Adding Cooling Channels
Cooling accounts for the majority of the injection molding cycle. How you route coolant through the mold directly impacts part quality and production speed.
Conventional cooling uses straight-drilled channels bored through the mold plates. These are simple and cheap to produce, but their straight-line geometry can’t follow the contours of complex parts. Areas far from a cooling channel cool slowly, creating hot spots that cause warping or longer cycle times.
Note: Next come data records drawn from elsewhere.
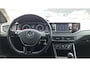 Volkswagen Polo 1.0 TSI Highline
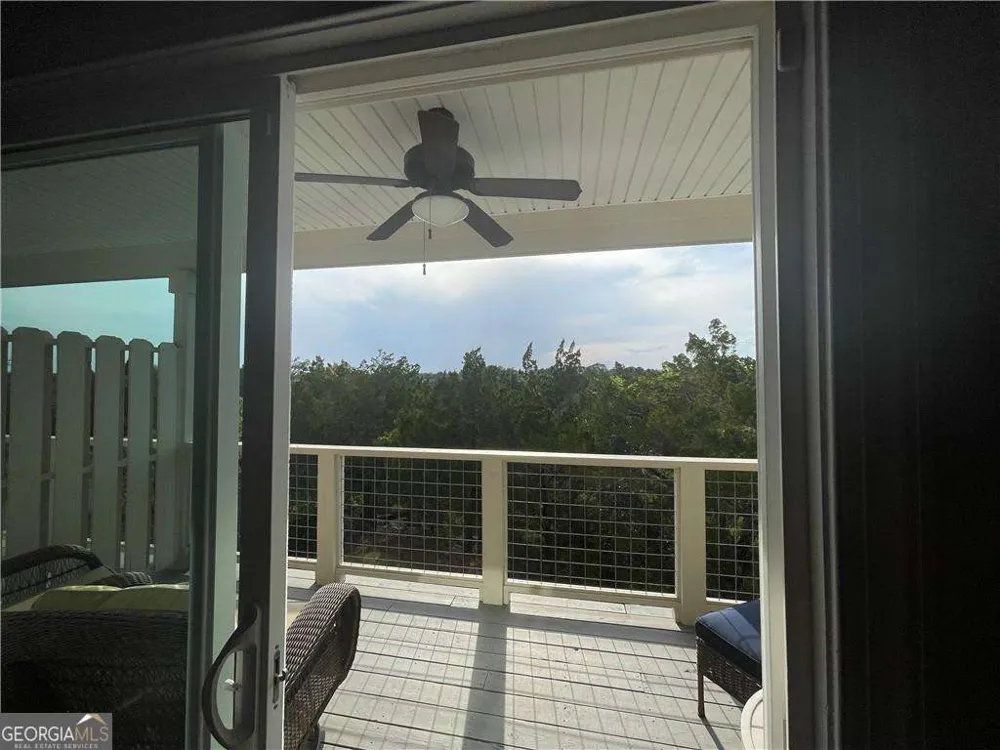 303 Hidden Harbor WAY Brunswick, GA 31525
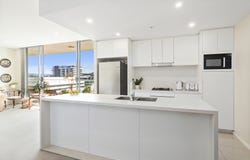 804/51 Crown Street, Wollongong, NSW 2500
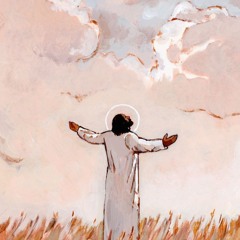 The Psalms ☀️🎧🤍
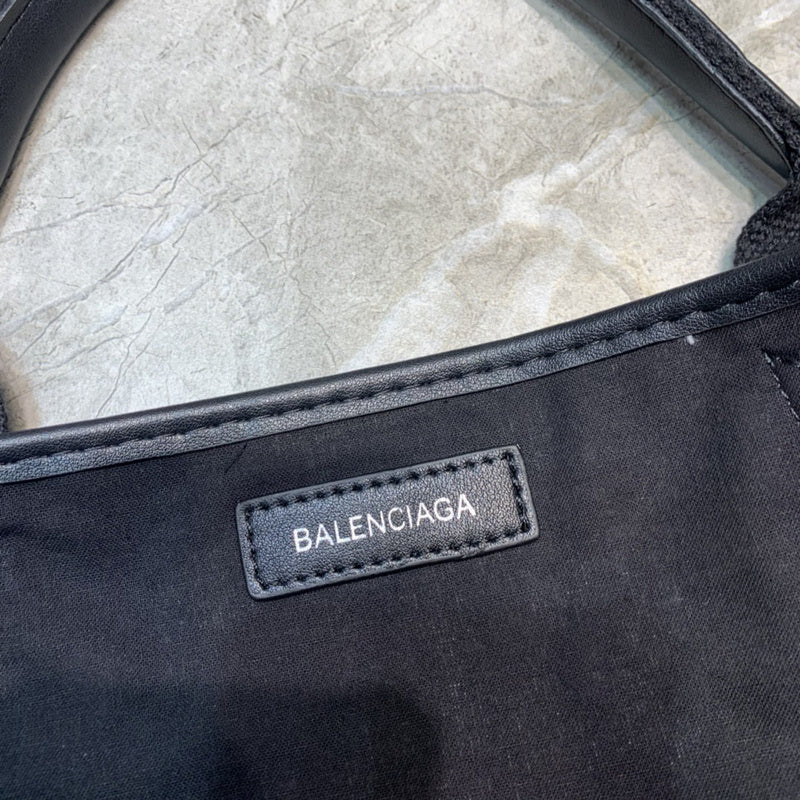 Style My Style - BGA Bags - 542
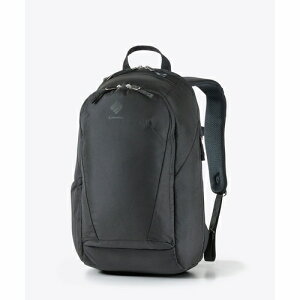 �y���{���K�i 13���܂œ����o�ׁzPanacea Crossover 26L Backpack�@Columbia�i�R�����r�A�j�p�i�V�[�A�N���X�I�[�o�[26L�o�b�N�p�b�N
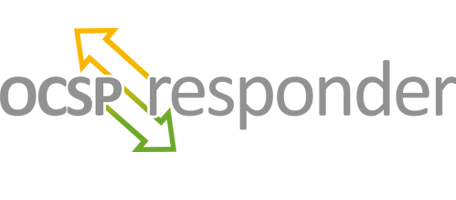 OCSP Responder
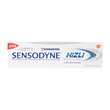 Sensodyne Hızlı Rahatlama Beyazlatıcı 75 ml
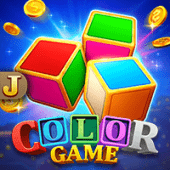 jl48 Color Game hot game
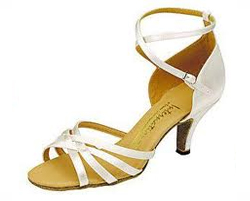 Sandals Shoes Sandals Shoes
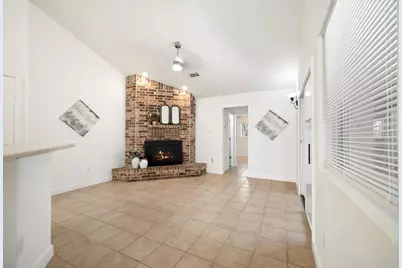 2614 Howellwood Way #B, Austin, TX 78748 - Photo 10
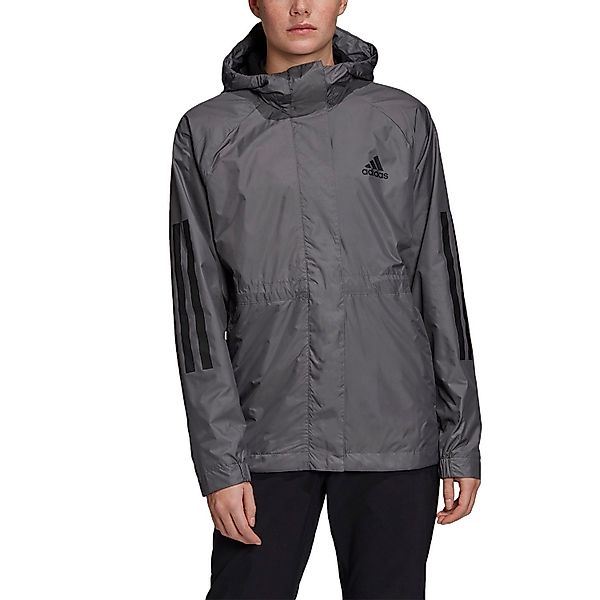 adidas Performance Funktionsjacke BSC 3S Wind günstig online kaufen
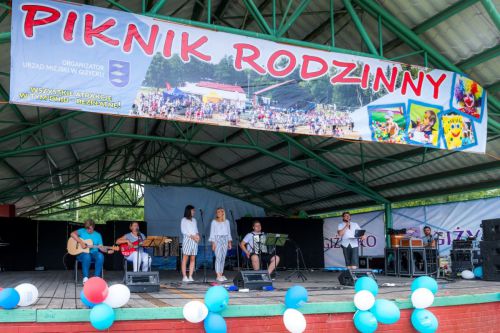 Piknik_Rodzinny_18-08-2018_fot_Tomasz_Karolski_nr_59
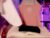 ♀️ _witch__ Free Cam @ Chaturbate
Conformal cooling channels follow the shape of the cavity at a consistent distance from every surface. They deliver more uniform cooling, which reduces warping and improves dimensional accuracy. The challenge is manufacturing: conformal channels are too complex to drill conventionally, so they’re typically produced by metal 3D printing (direct metal laser sintering) or by building up mold sections in layers. The investment pays off for complex parts where cycle time and quality are priorities.
Assembly and Testing
Once all components are machined and finished, the mold is assembled into its base, the cooling lines are connected, and the ejector system is set up. Before running production parts, the mold goes through a series of test shots, often called “T1 sampling.” These initial shots reveal problems like short fills, flash at the parting line, sink marks, or poor surface finish.
Expect to make adjustments. Gate sizes may need to be opened up or relocated, vents may need to be deepened to let trapped air escape, and cooling channels may need flow adjustments to balance temperatures across the cavity. Most molds go through two or three rounds of sampling and correction before they’re production-ready. Each round involves running parts, measuring them against the print, and making targeted steel modifications. This iterative process is normal and should be factored into your timeline and budget from the start.